== WHAT IS NEEDED ==
Print each of the entries exactly, leaving nothing out.

DATA TO USE START

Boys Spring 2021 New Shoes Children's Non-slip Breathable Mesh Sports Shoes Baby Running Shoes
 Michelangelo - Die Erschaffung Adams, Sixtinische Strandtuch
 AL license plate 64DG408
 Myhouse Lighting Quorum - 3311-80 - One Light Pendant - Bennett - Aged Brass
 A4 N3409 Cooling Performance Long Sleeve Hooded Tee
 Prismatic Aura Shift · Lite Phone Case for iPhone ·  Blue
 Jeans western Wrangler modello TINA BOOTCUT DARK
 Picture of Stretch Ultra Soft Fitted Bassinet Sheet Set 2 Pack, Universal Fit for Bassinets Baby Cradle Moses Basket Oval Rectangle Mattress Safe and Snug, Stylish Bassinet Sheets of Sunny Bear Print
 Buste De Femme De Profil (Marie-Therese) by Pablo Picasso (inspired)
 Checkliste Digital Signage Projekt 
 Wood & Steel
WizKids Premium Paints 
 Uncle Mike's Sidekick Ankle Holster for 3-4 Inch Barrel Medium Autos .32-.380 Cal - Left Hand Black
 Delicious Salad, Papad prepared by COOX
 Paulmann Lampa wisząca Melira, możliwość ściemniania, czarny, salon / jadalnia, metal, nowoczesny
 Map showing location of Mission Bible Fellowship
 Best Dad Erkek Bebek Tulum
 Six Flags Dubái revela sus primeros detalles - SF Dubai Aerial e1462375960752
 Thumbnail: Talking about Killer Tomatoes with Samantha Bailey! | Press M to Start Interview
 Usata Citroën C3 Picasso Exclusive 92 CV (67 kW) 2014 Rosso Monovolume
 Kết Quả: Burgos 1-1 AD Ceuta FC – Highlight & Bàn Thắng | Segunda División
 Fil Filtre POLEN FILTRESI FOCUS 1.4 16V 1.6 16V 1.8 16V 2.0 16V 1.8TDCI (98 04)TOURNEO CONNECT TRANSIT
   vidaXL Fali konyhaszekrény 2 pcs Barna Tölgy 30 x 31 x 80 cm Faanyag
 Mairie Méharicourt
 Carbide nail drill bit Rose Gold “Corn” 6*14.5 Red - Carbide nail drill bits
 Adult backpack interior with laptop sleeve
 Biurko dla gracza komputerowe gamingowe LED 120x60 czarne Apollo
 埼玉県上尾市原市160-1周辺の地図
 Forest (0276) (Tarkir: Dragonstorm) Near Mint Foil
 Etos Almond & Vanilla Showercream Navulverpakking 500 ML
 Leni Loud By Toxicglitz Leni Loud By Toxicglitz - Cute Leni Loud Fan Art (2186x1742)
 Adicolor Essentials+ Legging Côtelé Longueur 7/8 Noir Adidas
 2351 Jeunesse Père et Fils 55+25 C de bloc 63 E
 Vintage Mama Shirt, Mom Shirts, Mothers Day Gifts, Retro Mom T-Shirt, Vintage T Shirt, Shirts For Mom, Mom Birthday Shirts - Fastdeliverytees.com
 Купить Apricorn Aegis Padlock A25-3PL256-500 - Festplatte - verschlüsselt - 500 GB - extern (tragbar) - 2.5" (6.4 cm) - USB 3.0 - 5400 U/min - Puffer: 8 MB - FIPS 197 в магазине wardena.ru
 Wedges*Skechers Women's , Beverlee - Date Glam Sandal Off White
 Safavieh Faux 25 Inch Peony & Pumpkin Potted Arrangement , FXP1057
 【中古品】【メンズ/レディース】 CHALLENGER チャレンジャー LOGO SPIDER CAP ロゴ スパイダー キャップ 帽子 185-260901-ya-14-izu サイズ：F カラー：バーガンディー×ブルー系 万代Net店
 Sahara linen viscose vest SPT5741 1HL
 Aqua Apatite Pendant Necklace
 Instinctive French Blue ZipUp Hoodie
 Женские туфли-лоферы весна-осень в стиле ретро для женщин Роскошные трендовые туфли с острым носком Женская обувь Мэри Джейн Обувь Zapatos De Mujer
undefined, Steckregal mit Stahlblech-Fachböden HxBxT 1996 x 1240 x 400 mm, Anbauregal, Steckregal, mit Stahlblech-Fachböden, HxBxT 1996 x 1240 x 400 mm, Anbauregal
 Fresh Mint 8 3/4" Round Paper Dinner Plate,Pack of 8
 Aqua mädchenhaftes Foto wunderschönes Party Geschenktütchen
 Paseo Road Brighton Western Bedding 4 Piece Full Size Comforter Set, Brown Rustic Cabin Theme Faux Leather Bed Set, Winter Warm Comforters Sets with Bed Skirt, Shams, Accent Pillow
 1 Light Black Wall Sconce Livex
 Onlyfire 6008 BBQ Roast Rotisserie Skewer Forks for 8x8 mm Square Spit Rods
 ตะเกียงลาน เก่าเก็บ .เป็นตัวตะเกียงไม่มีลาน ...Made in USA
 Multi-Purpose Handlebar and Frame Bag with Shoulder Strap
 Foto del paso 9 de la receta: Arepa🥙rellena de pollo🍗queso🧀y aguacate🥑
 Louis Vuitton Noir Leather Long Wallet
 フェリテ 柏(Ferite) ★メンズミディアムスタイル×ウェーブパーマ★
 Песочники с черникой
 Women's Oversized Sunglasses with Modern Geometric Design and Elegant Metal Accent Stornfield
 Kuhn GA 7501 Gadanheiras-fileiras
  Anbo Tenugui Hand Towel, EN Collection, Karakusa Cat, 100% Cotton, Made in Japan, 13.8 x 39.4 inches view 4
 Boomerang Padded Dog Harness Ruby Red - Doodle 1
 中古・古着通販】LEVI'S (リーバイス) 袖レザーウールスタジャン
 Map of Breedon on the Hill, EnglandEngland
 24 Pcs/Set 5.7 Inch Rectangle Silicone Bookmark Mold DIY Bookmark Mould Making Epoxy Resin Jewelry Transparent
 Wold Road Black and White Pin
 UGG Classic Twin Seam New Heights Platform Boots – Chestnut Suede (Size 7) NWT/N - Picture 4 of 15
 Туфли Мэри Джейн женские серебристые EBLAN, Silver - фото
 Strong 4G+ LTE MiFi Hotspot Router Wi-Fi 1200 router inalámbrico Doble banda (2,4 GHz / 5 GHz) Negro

DATA TO USE END

== EXERCISE ANSWER ==
Boys Spring 2021 New Shoes Children's Non-slip Breathable Mesh Sports Shoes Baby Running Shoes
 Michelangelo - Die Erschaffung Adams, Sixtinische Strandtuch
 AL license plate 64DG408
 Myhouse Lighting Quorum - 3311-80 - One Light Pendant - Bennett - Aged Brass
 A4 N3409 Cooling Performance Long Sleeve Hooded Tee
 Prismatic Aura Shift · Lite Phone Case for iPhone ·  Blue
 Jeans western Wrangler modello TINA BOOTCUT DARK
 Picture of Stretch Ultra Soft Fitted Bassinet Sheet Set 2 Pack, Universal Fit for Bassinets Baby Cradle Moses Basket Oval Rectangle Mattress Safe and Snug, Stylish Bassinet Sheets of Sunny Bear Print
 Buste De Femme De Profil (Marie-Therese) by Pablo Picasso (inspired)
 Checkliste Digital Signage Projekt 
 Wood & Steel
WizKids Premium Paints 
 Uncle Mike's Sidekick Ankle Holster for 3-4 Inch Barrel Medium Autos .32-.380 Cal - Left Hand Black
 Delicious Salad, Papad prepared by COOX
 Paulmann Lampa wisząca Melira, możliwość ściemniania, czarny, salon / jadalnia, metal, nowoczesny
 Map showing location of Mission Bible Fellowship
 Best Dad Erkek Bebek Tulum
 Six Flags Dubái revela sus primeros detalles - SF Dubai Aerial e1462375960752
 Thumbnail: Talking about Killer Tomatoes with Samantha Bailey! | Press M to Start Interview
 Usata Citroën C3 Picasso Exclusive 92 CV (67 kW) 2014 Rosso Monovolume
 Kết Quả: Burgos 1-1 AD Ceuta FC – Highlight & Bàn Thắng | Segunda División
 Fil Filtre POLEN FILTRESI FOCUS 1.4 16V 1.6 16V 1.8 16V 2.0 16V 1.8TDCI (98 04)TOURNEO CONNECT TRANSIT
   vidaXL Fali konyhaszekrény 2 pcs Barna Tölgy 30 x 31 x 80 cm Faanyag
 Mairie Méharicourt
 Carbide nail drill bit Rose Gold “Corn” 6*14.5 Red - Carbide nail drill bits
 Adult backpack interior with laptop sleeve
 Biurko dla gracza komputerowe gamingowe LED 120x60 czarne Apollo
 埼玉県上尾市原市160-1周辺の地図
 Forest (0276) (Tarkir: Dragonstorm) Near Mint Foil
 Etos Almond & Vanilla Showercream Navulverpakking 500 ML
 Leni Loud By Toxicglitz Leni Loud By Toxicglitz - Cute Leni Loud Fan Art (2186x1742)
 Adicolor Essentials+ Legging Côtelé Longueur 7/8 Noir Adidas
 2351 Jeunesse Père et Fils 55+25 C de bloc 63 E
 Vintage Mama Shirt, Mom Shirts, Mothers Day Gifts, Retro Mom T-Shirt, Vintage T Shirt, Shirts For Mom, Mom Birthday Shirts - Fastdeliverytees.com
 Купить Apricorn Aegis Padlock A25-3PL256-500 - Festplatte - verschlüsselt - 500 GB - extern (tragbar) - 2.5" (6.4 cm) - USB 3.0 - 5400 U/min - Puffer: 8 MB - FIPS 197 в магазине wardena.ru
 Wedges*Skechers Women's , Beverlee - Date Glam Sandal Off White
 Safavieh Faux 25 Inch Peony & Pumpkin Potted Arrangement , FXP1057
 【中古品】【メンズ/レディース】 CHALLENGER チャレンジャー LOGO SPIDER CAP ロゴ スパイダー キャップ 帽子 185-260901-ya-14-izu サイズ：F カラー：バーガンディー×ブルー系 万代Net店
 Sahara linen viscose vest SPT5741 1HL
 Aqua Apatite Pendant Necklace
 Instinctive French Blue ZipUp Hoodie
 Женские туфли-лоферы весна-осень в стиле ретро для женщин Роскошные трендовые туфли с острым носком Женская обувь Мэри Джейн Обувь Zapatos De Mujer
undefined, Steckregal mit Stahlblech-Fachböden HxBxT 1996 x 1240 x 400 mm, Anbauregal, Steckregal, mit Stahlblech-Fachböden, HxBxT 1996 x 1240 x 400 mm, Anbauregal
 Fresh Mint 8 3/4" Round Paper Dinner Plate,Pack of 8
 Aqua mädchenhaftes Foto wunderschönes Party Geschenktütchen
 Paseo Road Brighton Western Bedding 4 Piece Full Size Comforter Set, Brown Rustic Cabin Theme Faux Leather Bed Set, Winter Warm Comforters Sets with Bed Skirt, Shams, Accent Pillow
 1 Light Black Wall Sconce Livex
 Onlyfire 6008 BBQ Roast Rotisserie Skewer Forks for 8x8 mm Square Spit Rods
 ตะเกียงลาน เก่าเก็บ .เป็นตัวตะเกียงไม่มีลาน ...Made in USA
 Multi-Purpose Handlebar and Frame Bag with Shoulder Strap
 Foto del paso 9 de la receta: Arepa🥙rellena de pollo🍗queso🧀y aguacate🥑
 Louis Vuitton Noir Leather Long Wallet
 フェリテ 柏(Ferite) ★メンズミディアムスタイル×ウェーブパーマ★
 Песочники с черникой
 Women's Oversized Sunglasses with Modern Geometric Design and Elegant Metal Accent Stornfield
 Kuhn GA 7501 Gadanheiras-fileiras
  Anbo Tenugui Hand Towel, EN Collection, Karakusa Cat, 100% Cotton, Made in Japan, 13.8 x 39.4 inches view 4
 Boomerang Padded Dog Harness Ruby Red - Doodle 1
 中古・古着通販】LEVI'S (リーバイス) 袖レザーウールスタジャン
 Map of Breedon on the Hill, EnglandEngland
 24 Pcs/Set 5.7 Inch Rectangle Silicone Bookmark Mold DIY Bookmark Mould Making Epoxy Resin Jewelry Transparent
 Wold Road Black and White Pin
 UGG Classic Twin Seam New Heights Platform Boots – Chestnut Suede (Size 7) NWT/N - Picture 4 of 15
 Туфли Мэри Джейн женские серебристые EBLAN, Silver - фото
 Strong 4G+ LTE MiFi Hotspot Router Wi-Fi 1200 router inalámbrico Doble banda (2,4 GHz / 5 GHz) Negro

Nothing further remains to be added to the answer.